Tips on Editing the Work
of a Fellow Student

Blueline

If the draft isn't double-spaced, with wide margins for your comments, complain.

Get the big picture first. Skim the whole piece quickly, ignoring all the little flaws and trying to get a clear sense of the main contention. Is there a coherent focus to the essay? If you think so, state it in your own words at the end of the text, asking your author if that's the main point. If it's not, then the author knows that the essay isn't clear enough. If there isn't a coherent focus, then indicate that at the end of the essay and suggest a couple of candidates that are more-or-less present.

Titles count. Is there a title? If not, complain. If so, does it hint at the main contention? If not, complain. If so, write something congratulatory. A memorable title provokes the reader's curiosity at the beginning of the essay and then underscores the thesis by the end.

Check for organization. Hold each page out at arm's length, where you can't read each word but you can see the paragraphing. Are there more than three paragraphs per page? If so, complain. That characteristic almost always indicates poor organization in an essay. Those who write a paper by launching right in without an outline are most prone to this problem. If you encounter it, try to come up with an outline that will help the author restructure. Writing little glosses in the margin usually helps. (A gloss, by the way, is one of those one-phrase or one-sentence paragraph summaries that used to appear in the margins of well-made books a long time ago. You might have seen them in prayer books and the like. Check the word "gloss" in a dictionary if it's new to you. Parenthetically, this is where the phrase "glossing over" comes from.)

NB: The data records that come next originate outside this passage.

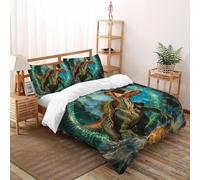 Spiny Dragon Set Di Biancheria Da Letto artee animalee Copripiumino 2 Pezzi Comfort in Cotone Per Coppia Adulti Doppia Con Cerniera E Federa Double（200x200cm）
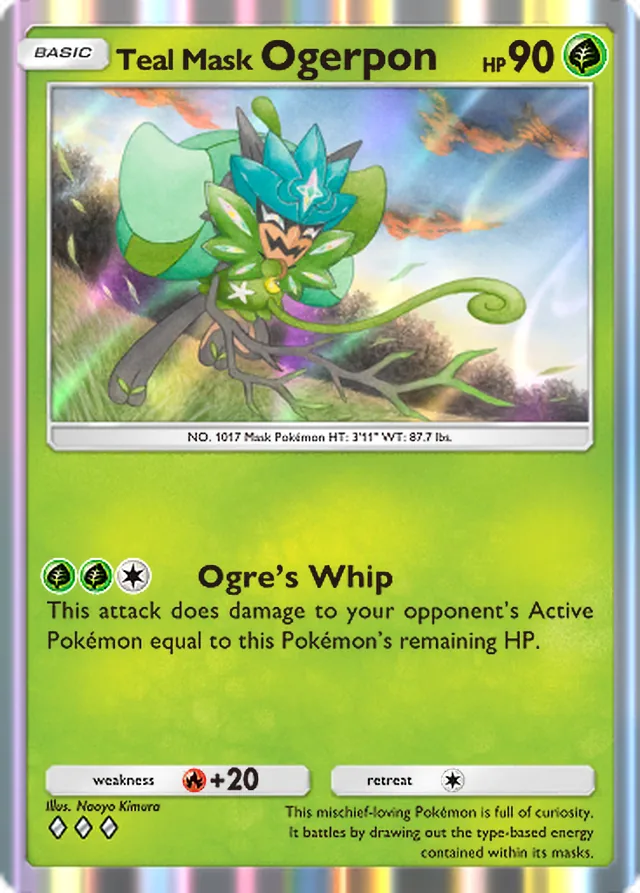 Teal Mask Ogerpon, Ruler of the Skies #019, Basic Grass Pokémon, illustrated by Naoyo Kimura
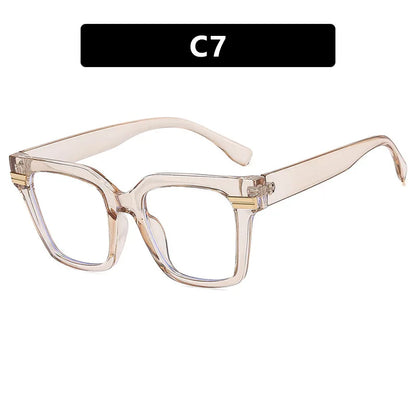Oversized Square Reading Glasses Women Men Blue Light Protection Prescription Eyeglass Thick Frame Transparent Computer Eyewear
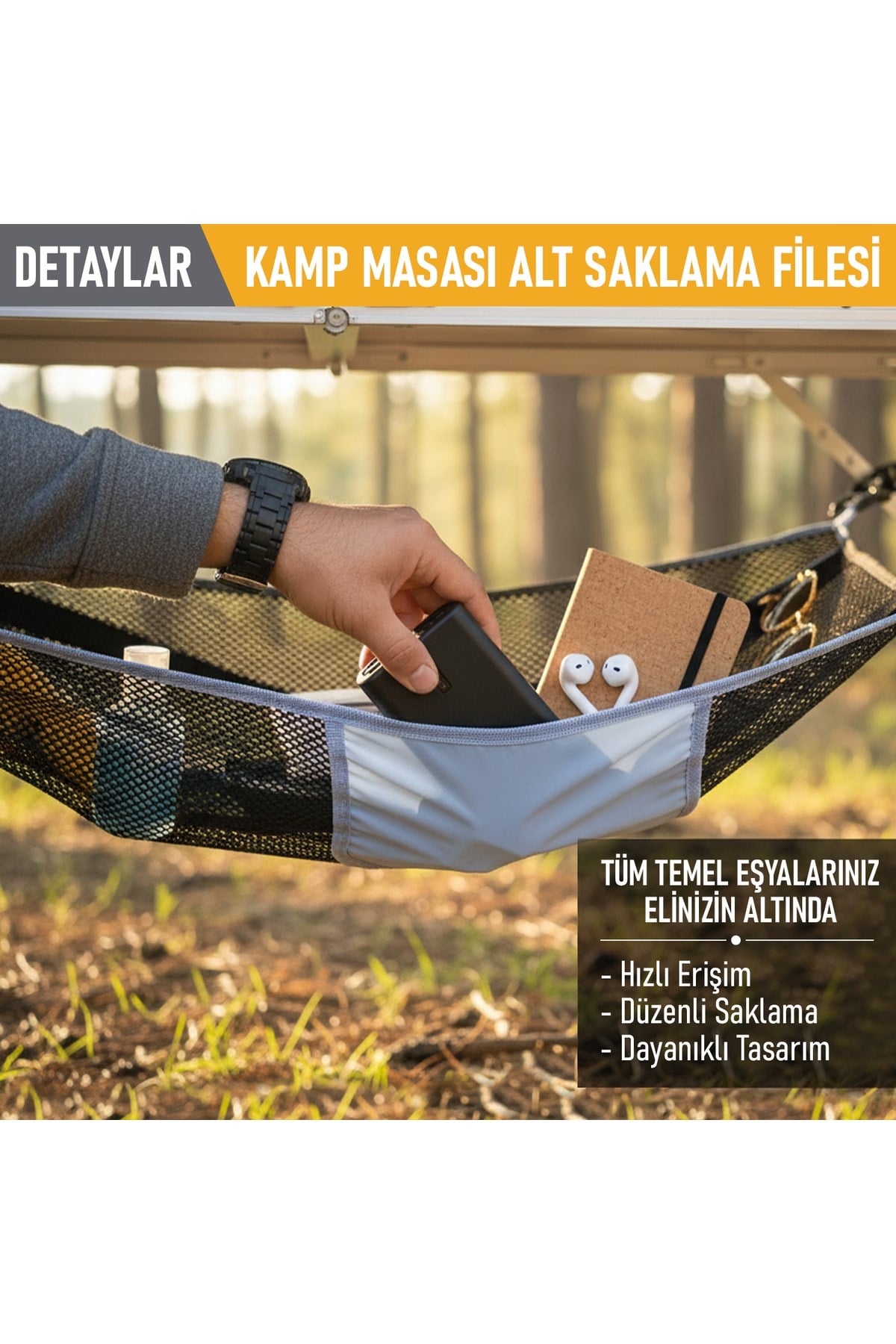 Haegs Masa Altı Saklama Filesi, Kamp için Masa Altı Eşya Depolama, Düzenleyici Organizer Kese File  XL  / 80x40 cm - Gri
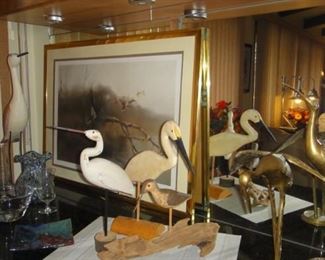 Wood and Brass Bird Figurines 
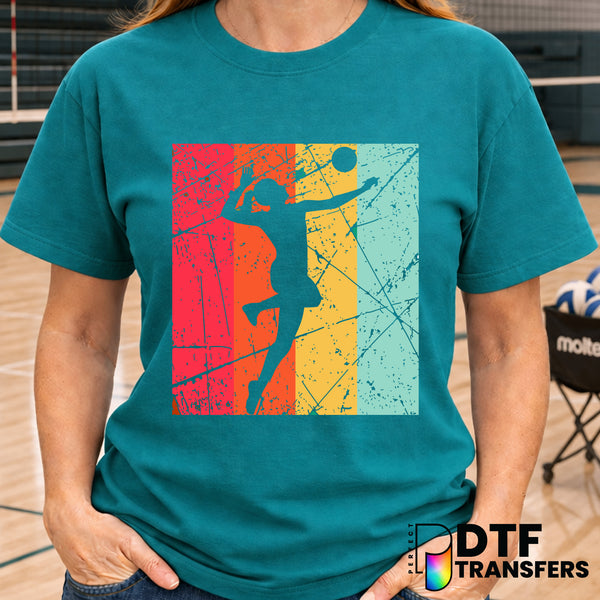 Volleyball Spike Player Silhouette – DTF Transfer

Check for internal consistency. For example, does the author claim on page 1 that President Clinton had few options, but then claim on page 4 that President Clinton could have done whatever he pleased? Fear of such problems gives professional historians nightmares.

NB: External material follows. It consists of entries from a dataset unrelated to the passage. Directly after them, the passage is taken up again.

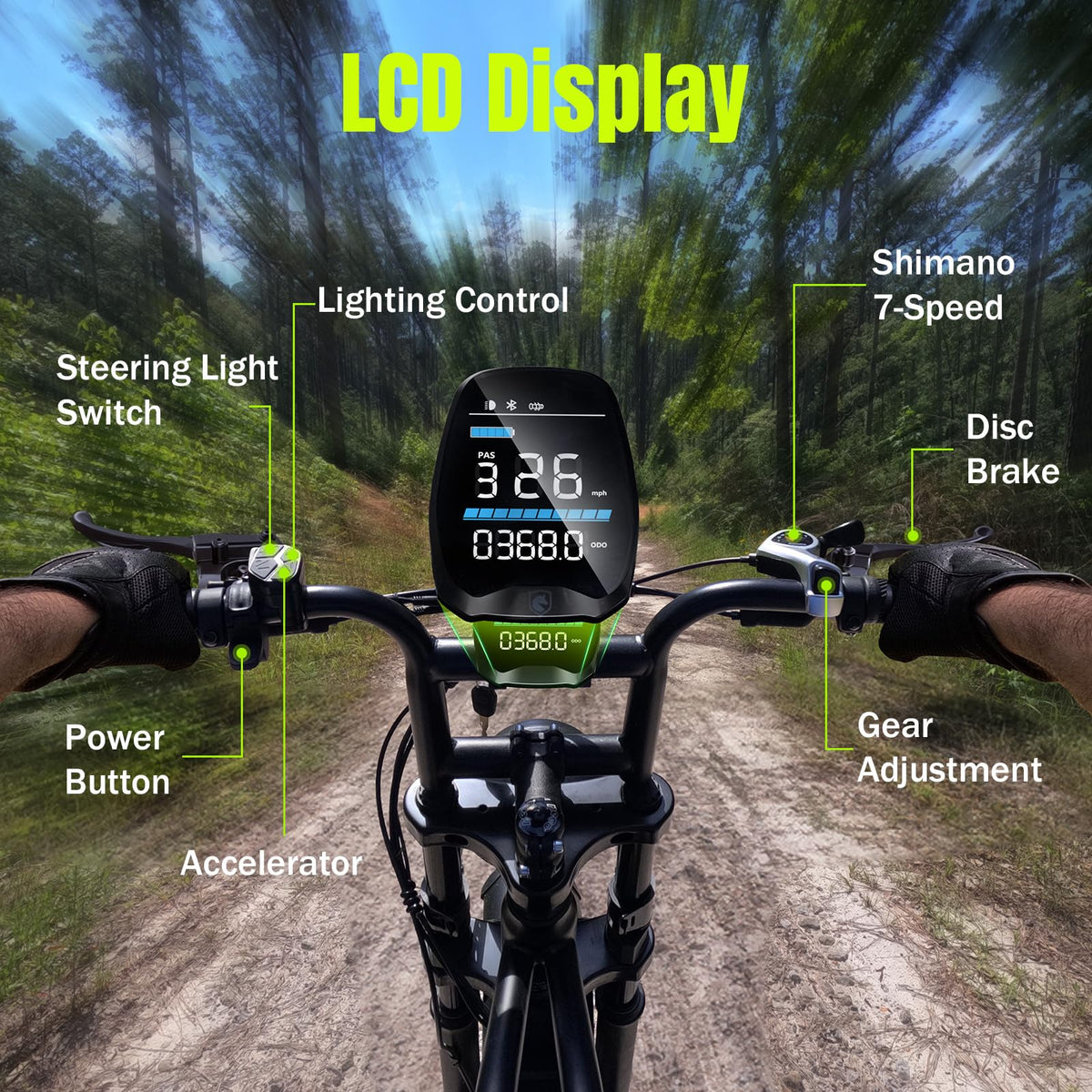 Electric Bike 48V 15Ah Battery 1500W Peak Motor 20 * 4.0 Fat Tire L416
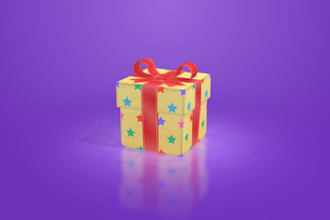 create a 3d animated surprise gift box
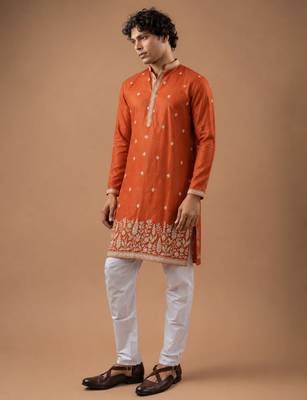 Smart and graceful orange color viscose silk men's ceremonial attire 4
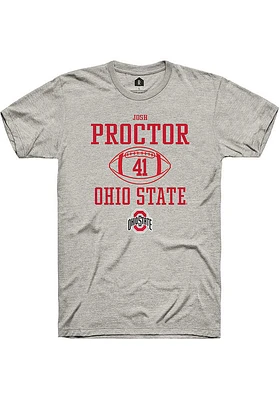 Josh Proctor  Ohio State Buckeyes Ash Rally NIL Sport Icon Short Sleeve T Shirt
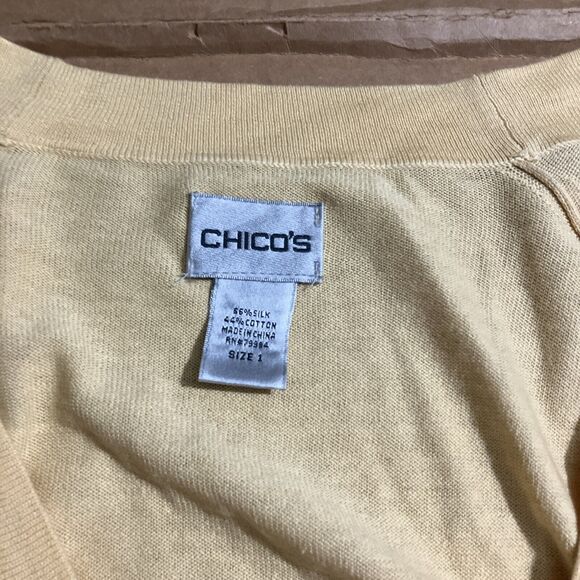Chicos Yellow Cardigan Sweater, Women's Size 1 Ribbed V Neck, Button Up, Spring - Picture 3 of 12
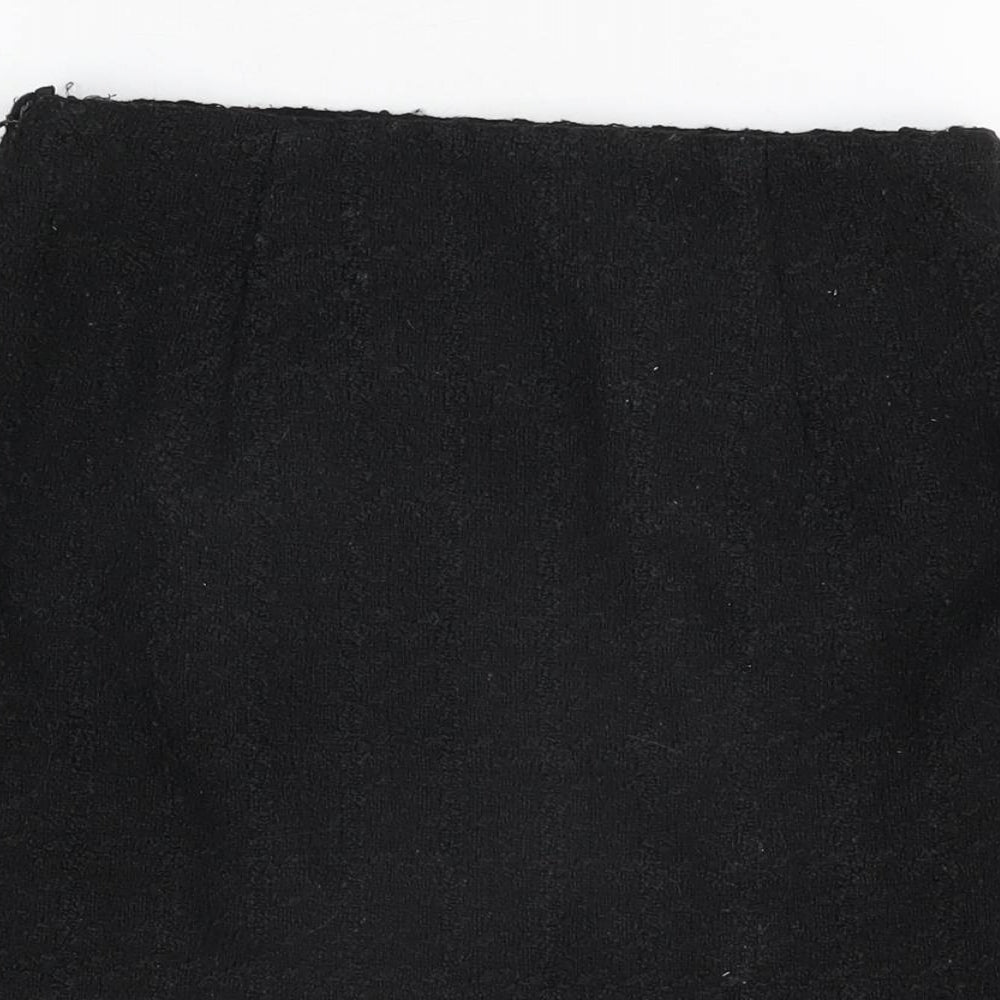 H&M Womens Black Polyester Mini Skirt Size 8 Zip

Ascertain that the emphasis is upon causation, not moral judgment. We are not here, primarily at least, to decide what ought to have happened. Trying to determine what did happen, and why, and with what consequences, is work enough. Sure, moral considerations enter into such analysis, but they are not the primary concern.

Scrutinize the causal model, and play devil's advocate. Here is where Carr comes in handy. What kind of causal claims is the author making? Are they oversimplistic (e.g., unicausal, as in Carr, ca. page 116)? Are they improbable in any other way? Is there any circular reasoning present (e.g., urbanization happened because people began to live closer together)? If there are no obvious weaknesses of this sort, then don the hat of someone who would bring a different perspective to the subject, and tell the author how others might object to the thesis. That way, during revisions, the author can anticipate critics. While you're at it, check for sophomoric exaggeration. (Look up the word "sophomoric" in a good dictionary. Teachers like me coined the term during fits of frustration.)

Check for accuracy, honesty, and concreteness. Note all errors of evidence and all failures to acknowledge sources of quotations, evidence, or interpretive insights. Check the frequency with which the author uses proper names and the like, and tag any vague, wishy-washy formulations in which the active agents are impersonal abstractions like "the government" or "the media" or "the people". (These are known as "reifications".)

Finally, get out your Strunk & White and your copy of my pointers and go after the style. Watch for wordiness, poor diction (e.g., using "exhaust pipe" instead of "smokestack" to describe that tall thing at the factory), over-reliance on adjectives and adverbs, the common flubs (e.g., "there" for "their", "it's" for "its"), spelling errors, unnecessary use of passive voice, and general clumsiness. Tag any awkward or unclear passage so that the author will know where to concentrate effort during revision.

Write a soothing, encouraging message at the end of the draft to help heal the poor author's bruised ego.